Problem requirements:
All lines below starting at the one that holds "除了豪宅，还有很多商业中心，也为珠江夜景填上亮丽的一笔" and ending at the one that holds "Single Family Residence" should be printed exactly, ends included. Pictures should not be printed, nor anything else.

Data to process:
···
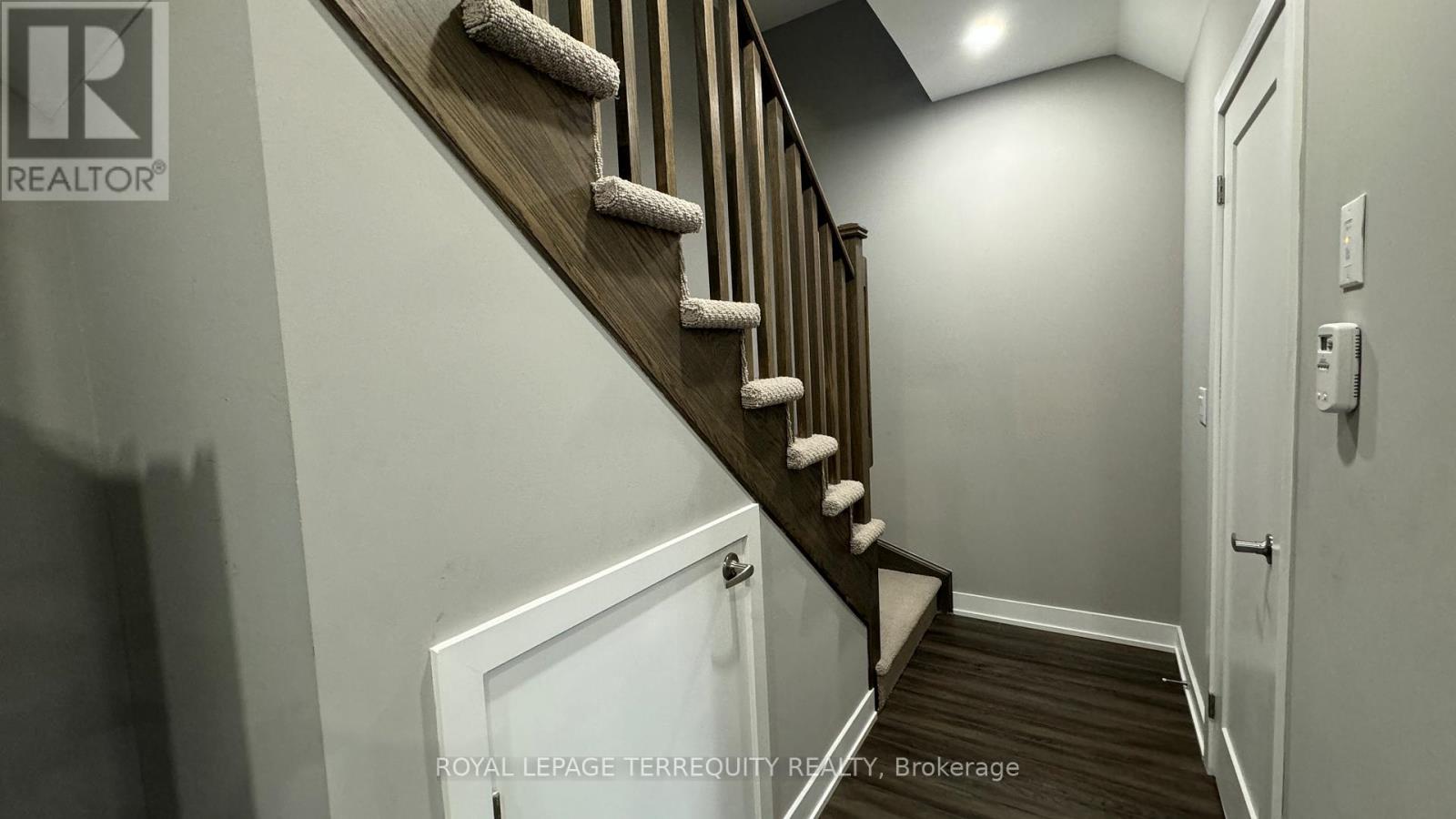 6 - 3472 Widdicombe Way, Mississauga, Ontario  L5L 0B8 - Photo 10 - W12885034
···
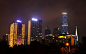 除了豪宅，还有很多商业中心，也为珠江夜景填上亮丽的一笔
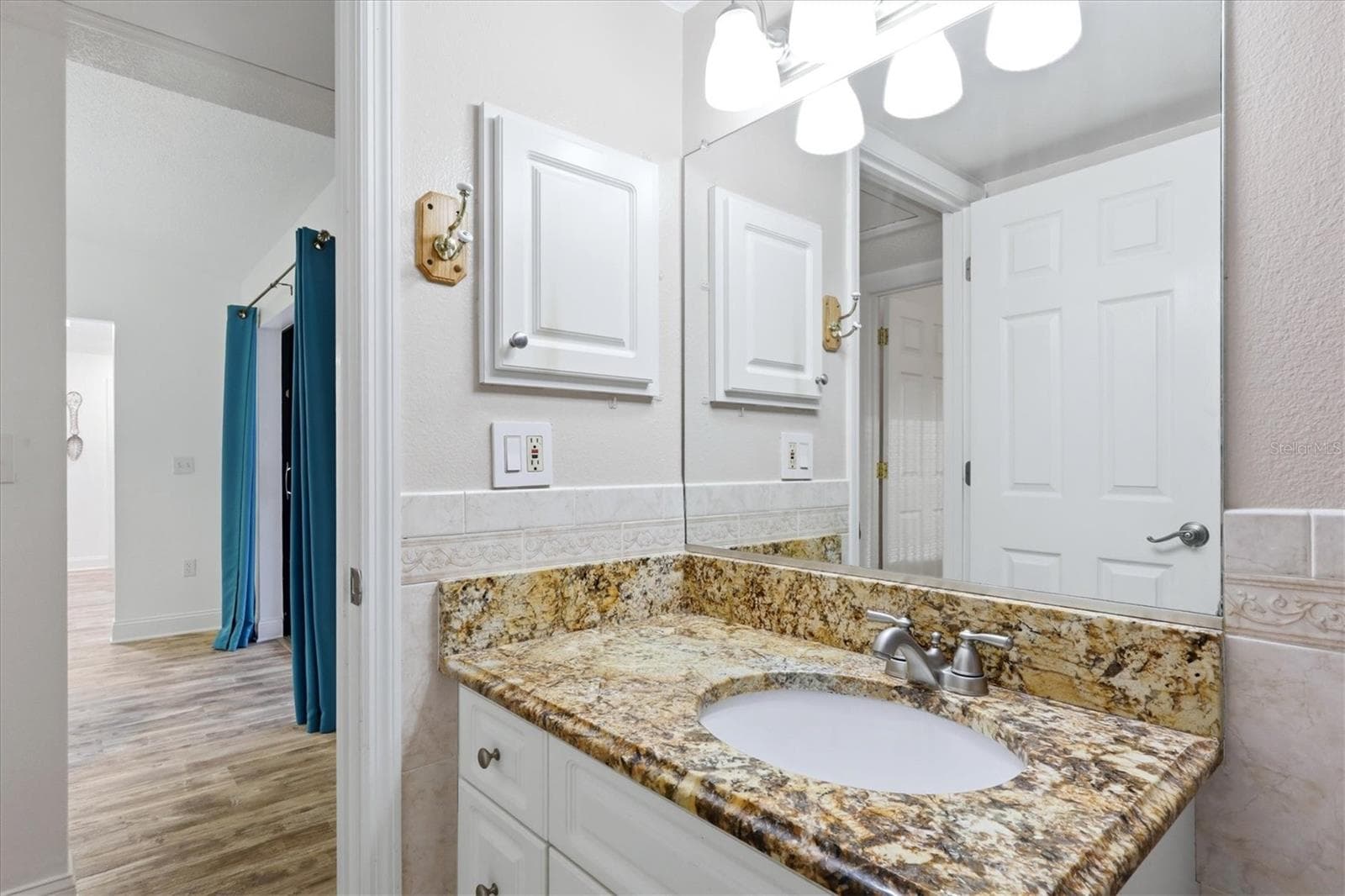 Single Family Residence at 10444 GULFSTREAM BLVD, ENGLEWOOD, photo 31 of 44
···
Response:
 除了豪宅，还有很多商业中心，也为珠江夜景填上亮丽的一笔
 Single Family Residence at 10444 GULFSTREAM BLVD, ENGLEWOOD, photo 31 of 44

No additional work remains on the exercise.